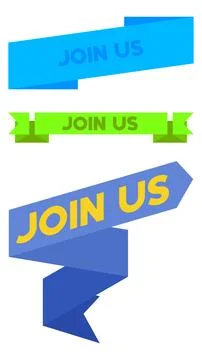 Set of ribbon with Join Us text. Banner template. Label sticker. Sign. Stock Illustration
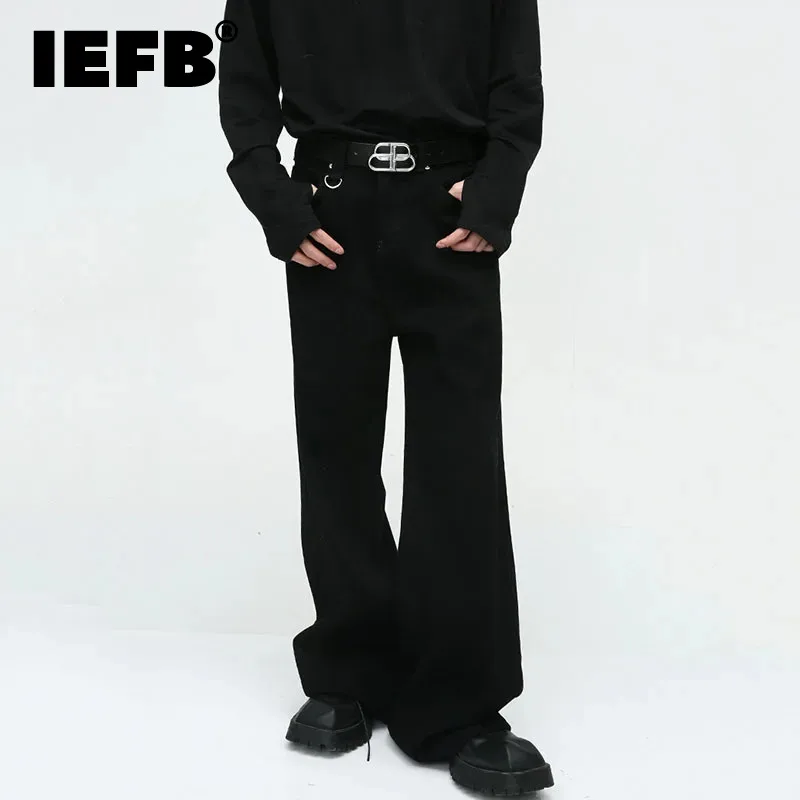 IEFB Vintage Men's Jeans New Fashion Washed Wide Leg Denim Pants Casual Loose Male Versatile Trousers Black 2023 Autumn 9C354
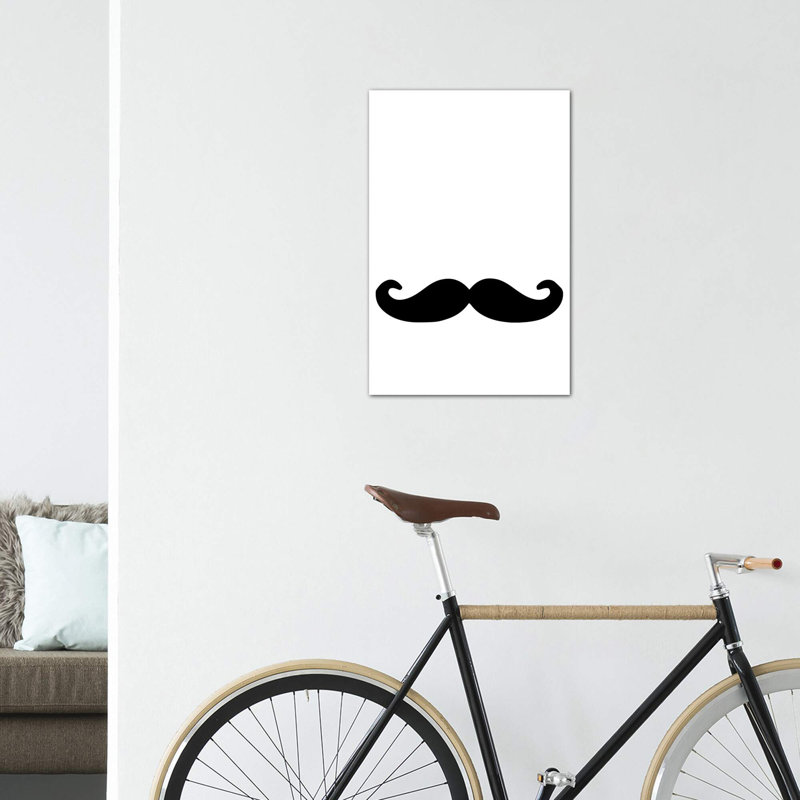 Moustache - impression d'art graphique, Toile tendue, H 26 po x l 18 po x 1,5 po, Pas de tapis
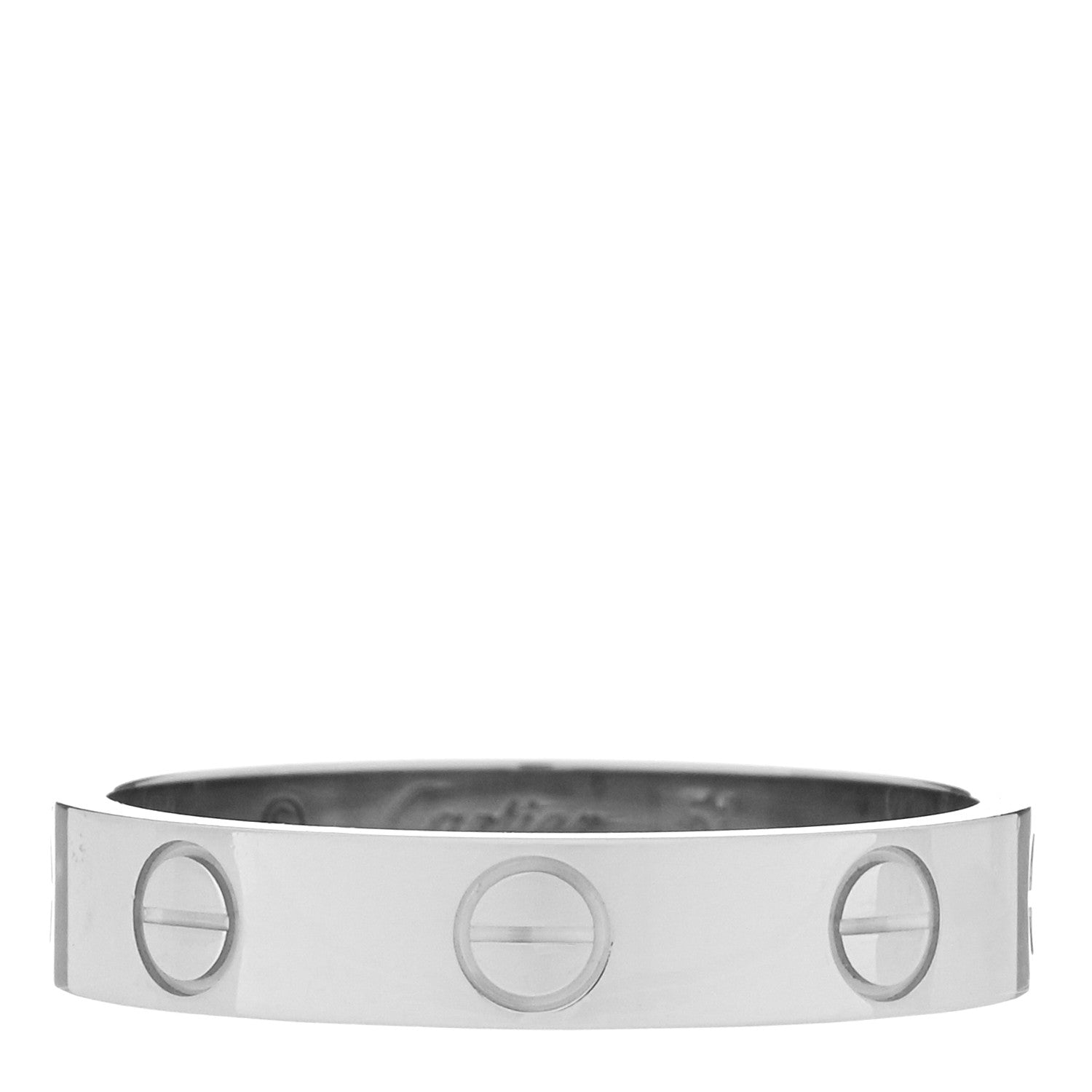 Cartier 18K White Gold 3.5mm LOVE Wedding Band Ring 51 5.75 1 of 4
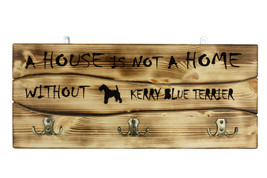 Kerry Blue Terrier, a wooden wall peg, hanger with the picture of a dog - £40.11 GBP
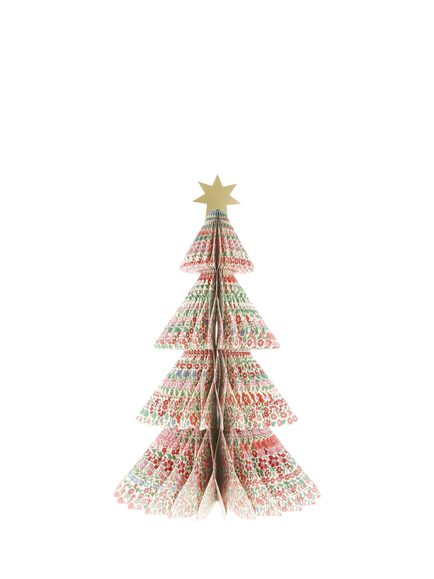 Meri Meri x Liberty Honeycomb Paper Tree Decorations, Set of 3 - view 2, Multi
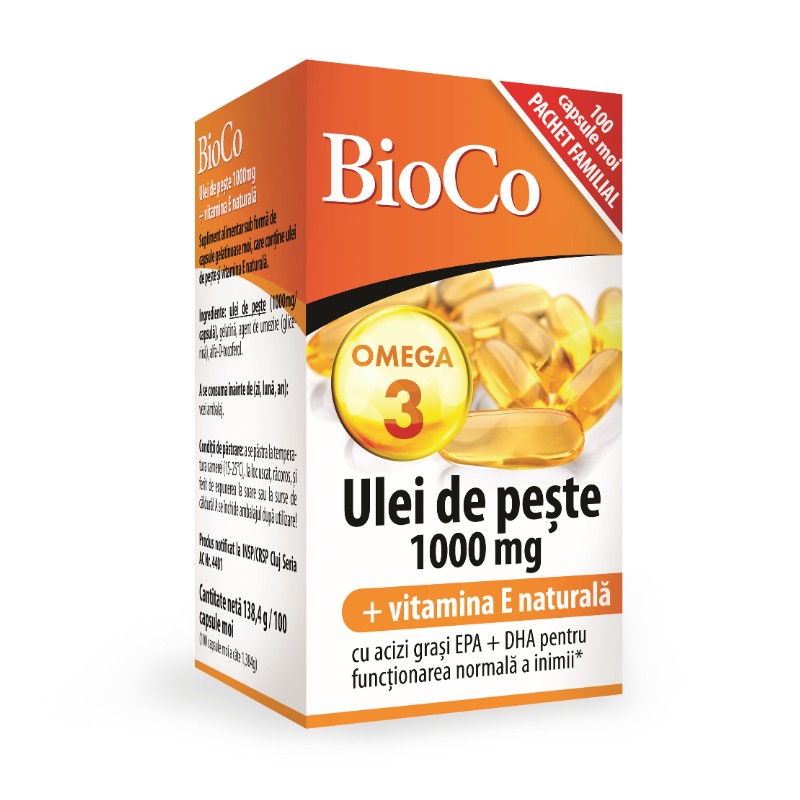 Ulei de peste 1000mg (100 capsule), BioCo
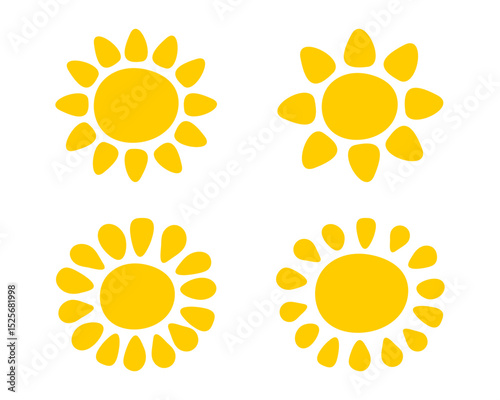 Cute childish sun silhouettes. Set of sunburst, sunrise or sunset signs. Summer theme symbols. Happy positive vibes concept. Vector flat illustration.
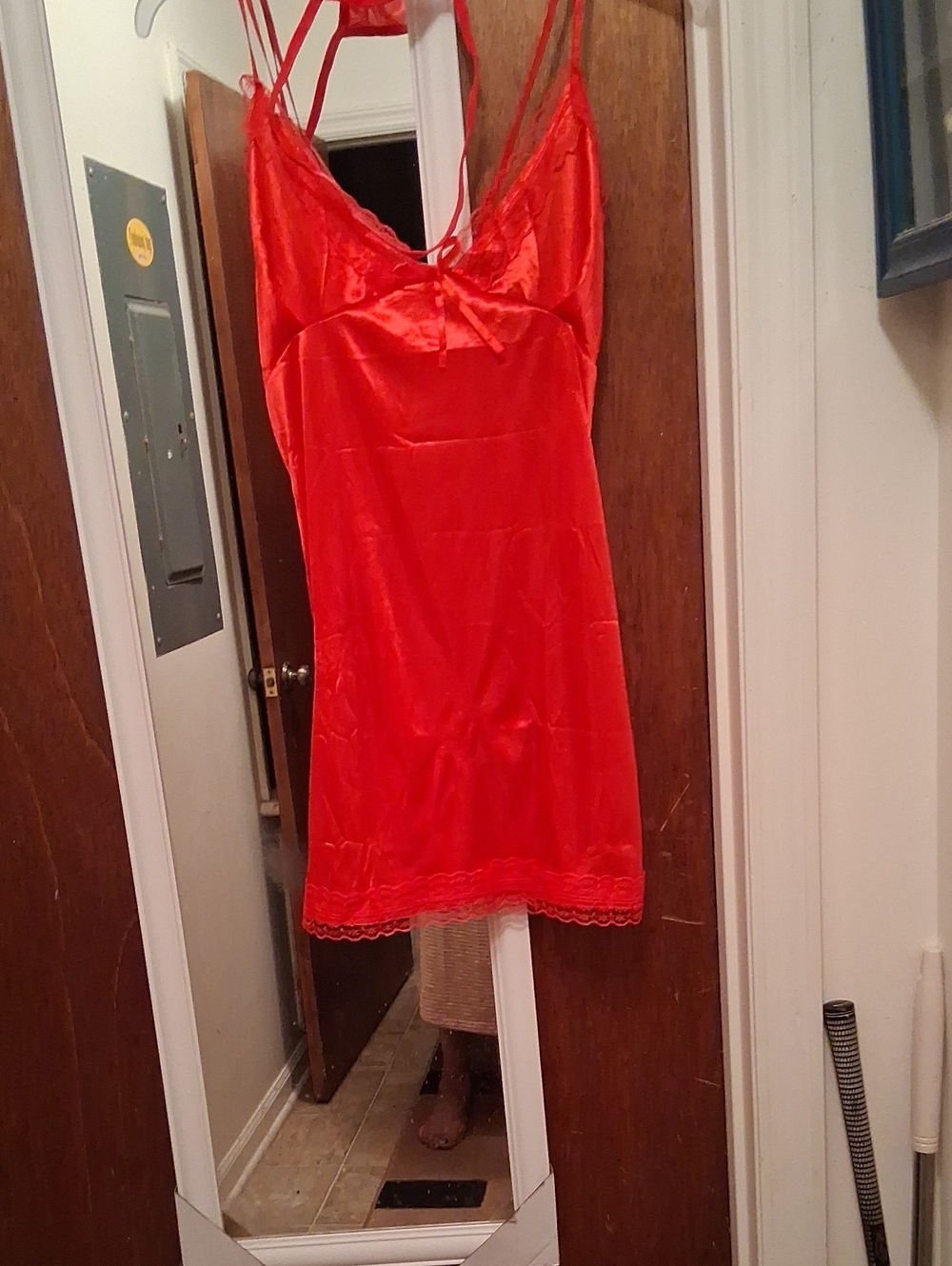 Red Satin Slip Dress - Women Intimates & Sleepwear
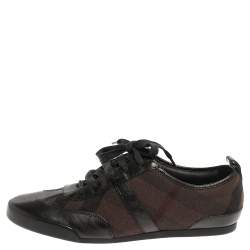 Pre Owned Burberry Black Leather And Check Canvas Low Top Sneakers Size 38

++++++

> Work task
Print only the lines from the line that contains "Kerry Blue Terrier, a" to the final line of the data, inclusive. Pictures stay out.

> Solution to this problem
 Kerry Blue Terrier, a wooden wall peg, hanger with the picture of a dog - £40.11 GBP
 Meri Meri x Liberty Honeycomb Paper Tree Decorations, Set of 3 - view 2, Multi
 Ulei de peste 1000mg (100 capsule), BioCo
 Cute childish sun silhouettes. Set of sunburst, sunrise or sunset signs. Summer theme symbols. Happy positive vibes concept. Vector flat illustration.
 Red Satin Slip Dress - Women Intimates & Sleepwear
 Pre Owned Burberry Black Leather And Check Canvas Low Top Sneakers Size 38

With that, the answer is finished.